“Every so many years The Daily blows up its Thursday insert and tries something new,” said the editor’s note in Thursday’s Daily Northwestern, as if natural forces had done in its last weekly magazine, PLAY. But that’s a little disingenuous: PLAY was blown up for a reason.
The Daily has been having trouble since the fall, when it was forced to combine its city and campus desks. A lack of campus coverage was frequently filled by superfluous wire stories — I remember at one point seeing two facing pages reported entirely by the Associated Press. PLAY, which had originally been 12 pages, was cut to eight, but still looked sloppy and indulgent: There were those editors’ photos with accompanying thought bubbles on the latest in pop culture, and there were still too many reviews written in preening critical prose like, “It’ll be sure to enthrall.” (Full disclosure: I wrote an article for PLAY in 2006.)
Now The Daily looks like it’s getting its act together. Last quarter, senior Jordan Weissmann, who had never actually been a PLAY editor, was asked to revamp the magazine, one of several signs that The Daily wanted to shed its own skin. Weissmann handpicked his own editorial board without applications, saying in an e-mail to the PLAY listserv, “We’re going to be doing some tinkering.” Two regular PLAY contributors told me they were indignant at being unilaterally ignored in the process, but I also admired how well-contained the whole project seemed. When I mentioned the changes to a Daily reporter near the end of the quarter, she just glared at me — “Something’s happening to PLAY?”
Whatever you think of his tactics, Weissmann’s overhauled magazine, now known as The Weekly, hasn’t just saved PLAY — it might save The Daily, too. The Weekly announces itself in big, bold letters, with smaller preview headlines running across the top in different configurations, New York magazine-style. According to what two former PLAY editors told me, New York and the online media gossip blog Gawker were two names thrown around in early meetings for The Weekly. It’s not new, but it works — The Weekly has a real voice that’s blunt but also playful, smart without taking itself too seriously.
The Weekly, which has been bumped back up to 12 pages, relegates culture coverage to digestible lists, including music review blurbs that humorously designate recent releases for different readers’ tastes — Spice Girls is lowbrow, Nancy Wilson is highbrow — also influenced by New York magazine’s entertainment listings. The magazine’s main currency is campus life and gossip: A somewhat far-fetched “What If” feature (this one posits Lindsay Lohan coming to NU), a catty “Confirmed & Denied” gossip column, and a meatier, 2,500-word cover feature that is unlike anything normally published on this campus. I mean that in a good way.

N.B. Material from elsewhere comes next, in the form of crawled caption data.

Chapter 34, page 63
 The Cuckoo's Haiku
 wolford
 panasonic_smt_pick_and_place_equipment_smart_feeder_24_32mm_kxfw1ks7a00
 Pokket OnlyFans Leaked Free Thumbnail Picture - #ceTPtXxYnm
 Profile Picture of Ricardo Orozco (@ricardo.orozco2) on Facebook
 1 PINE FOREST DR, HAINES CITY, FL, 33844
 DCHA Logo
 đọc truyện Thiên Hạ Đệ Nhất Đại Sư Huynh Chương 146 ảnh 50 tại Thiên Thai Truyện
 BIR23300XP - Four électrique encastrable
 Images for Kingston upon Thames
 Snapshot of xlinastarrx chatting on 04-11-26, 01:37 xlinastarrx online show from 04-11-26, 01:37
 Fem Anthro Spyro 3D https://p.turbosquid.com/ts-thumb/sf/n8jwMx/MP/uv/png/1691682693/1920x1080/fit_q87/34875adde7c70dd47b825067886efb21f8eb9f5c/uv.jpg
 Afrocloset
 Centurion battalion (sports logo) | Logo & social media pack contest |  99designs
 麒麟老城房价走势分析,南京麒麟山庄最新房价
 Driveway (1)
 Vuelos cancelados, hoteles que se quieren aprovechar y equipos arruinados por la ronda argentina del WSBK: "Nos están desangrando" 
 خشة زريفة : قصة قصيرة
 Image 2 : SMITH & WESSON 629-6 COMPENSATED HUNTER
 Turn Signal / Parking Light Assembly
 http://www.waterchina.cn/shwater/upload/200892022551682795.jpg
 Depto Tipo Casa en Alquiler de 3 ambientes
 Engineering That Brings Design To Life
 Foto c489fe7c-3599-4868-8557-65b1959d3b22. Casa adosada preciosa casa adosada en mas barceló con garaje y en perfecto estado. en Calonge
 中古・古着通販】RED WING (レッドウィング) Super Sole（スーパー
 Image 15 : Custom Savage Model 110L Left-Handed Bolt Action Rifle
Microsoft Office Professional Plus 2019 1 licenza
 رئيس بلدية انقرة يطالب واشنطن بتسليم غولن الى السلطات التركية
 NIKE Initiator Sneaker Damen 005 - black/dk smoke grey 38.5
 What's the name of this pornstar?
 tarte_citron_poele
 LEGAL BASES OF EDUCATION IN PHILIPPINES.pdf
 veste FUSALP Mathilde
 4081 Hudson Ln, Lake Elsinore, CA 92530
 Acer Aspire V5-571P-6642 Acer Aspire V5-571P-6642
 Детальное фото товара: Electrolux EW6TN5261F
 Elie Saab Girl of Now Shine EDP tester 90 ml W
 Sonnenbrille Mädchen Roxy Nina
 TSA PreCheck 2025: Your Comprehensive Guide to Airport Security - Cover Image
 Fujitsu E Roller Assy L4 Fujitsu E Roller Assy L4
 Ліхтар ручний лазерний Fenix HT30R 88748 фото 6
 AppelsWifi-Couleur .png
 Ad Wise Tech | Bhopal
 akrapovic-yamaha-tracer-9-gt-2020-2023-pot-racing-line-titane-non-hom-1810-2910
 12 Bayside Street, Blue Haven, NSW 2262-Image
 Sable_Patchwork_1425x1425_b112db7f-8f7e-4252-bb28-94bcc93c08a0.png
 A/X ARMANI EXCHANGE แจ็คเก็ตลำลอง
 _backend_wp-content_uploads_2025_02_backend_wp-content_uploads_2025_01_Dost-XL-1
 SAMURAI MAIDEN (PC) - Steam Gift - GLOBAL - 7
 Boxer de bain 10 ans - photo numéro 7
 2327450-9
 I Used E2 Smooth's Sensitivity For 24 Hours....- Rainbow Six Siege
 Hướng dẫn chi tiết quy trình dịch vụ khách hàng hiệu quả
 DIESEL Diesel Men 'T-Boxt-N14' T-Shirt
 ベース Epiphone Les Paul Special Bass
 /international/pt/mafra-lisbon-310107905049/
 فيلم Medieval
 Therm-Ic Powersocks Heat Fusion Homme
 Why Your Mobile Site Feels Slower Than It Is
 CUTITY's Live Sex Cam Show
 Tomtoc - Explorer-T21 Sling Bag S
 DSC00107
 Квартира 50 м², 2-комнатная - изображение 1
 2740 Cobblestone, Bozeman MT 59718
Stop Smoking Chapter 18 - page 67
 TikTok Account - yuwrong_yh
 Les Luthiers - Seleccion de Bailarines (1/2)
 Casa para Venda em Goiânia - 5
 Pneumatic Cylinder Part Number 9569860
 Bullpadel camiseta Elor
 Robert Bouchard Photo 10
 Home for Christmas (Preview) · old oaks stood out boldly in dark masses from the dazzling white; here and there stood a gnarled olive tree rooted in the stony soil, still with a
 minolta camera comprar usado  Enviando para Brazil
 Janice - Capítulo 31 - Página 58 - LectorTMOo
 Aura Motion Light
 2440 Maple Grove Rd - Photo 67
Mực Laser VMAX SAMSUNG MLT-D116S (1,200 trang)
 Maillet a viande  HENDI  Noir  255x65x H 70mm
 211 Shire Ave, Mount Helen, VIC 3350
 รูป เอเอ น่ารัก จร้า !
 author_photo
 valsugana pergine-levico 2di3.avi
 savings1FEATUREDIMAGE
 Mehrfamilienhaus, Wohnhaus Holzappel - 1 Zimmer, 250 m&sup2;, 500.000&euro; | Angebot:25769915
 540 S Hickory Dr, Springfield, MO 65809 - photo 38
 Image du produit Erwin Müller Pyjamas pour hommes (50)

The huge photo on the cover of The Weekly features the face of a WNUR host profiled inside but, in a way, it’s also a face for Daily readers to finally grab onto. The Daily’s biggest problem has always been its lack of personality, a fact made evident when DIY campus gossip outlets like Overheard at Northwestern started online last year. Even most of The Daily’s news sacrifices narrative for mechanically written inverted-pyramid stories. Features (on campus and off) have become almost nonexistent, and where they do pop up, it’s difficult to gauge whether the newspaper is in fact parodying itself.
What The Weekly does right is talk to Northwestern students in a language they can understand about the things they want to read. At what point before now would the newspaper let a (hilarious) quote from a sophomore about sorority rush stand on its own, or publish a photo of “Fuck Frats” spray-painted by the Rock without a didactic, “What is the administration going to do about this?” story to go along with it?
The design and construction are still shoddy, and some features (like the ticker tape of news bits scrawled on each page) are awkwardly placed and designated. But where the magazine takes risks, it also invents — or, more accurately, re-invents — in ways that didn’t seem possible for The Daily a few months ago. When I asked Jordan Weissmann why he didn’t accept applications from staffers already in the PLAY hierarchy in an e-mail, he wrote, “The bottom line is that applications are not an efficient way to create what, essentially, was a startup magazine. If you’re going to have a guiding vision for the project, you need to have a sense of the people you want involved.” One thing The Weekly has is vision — and that’s exactly what it needed.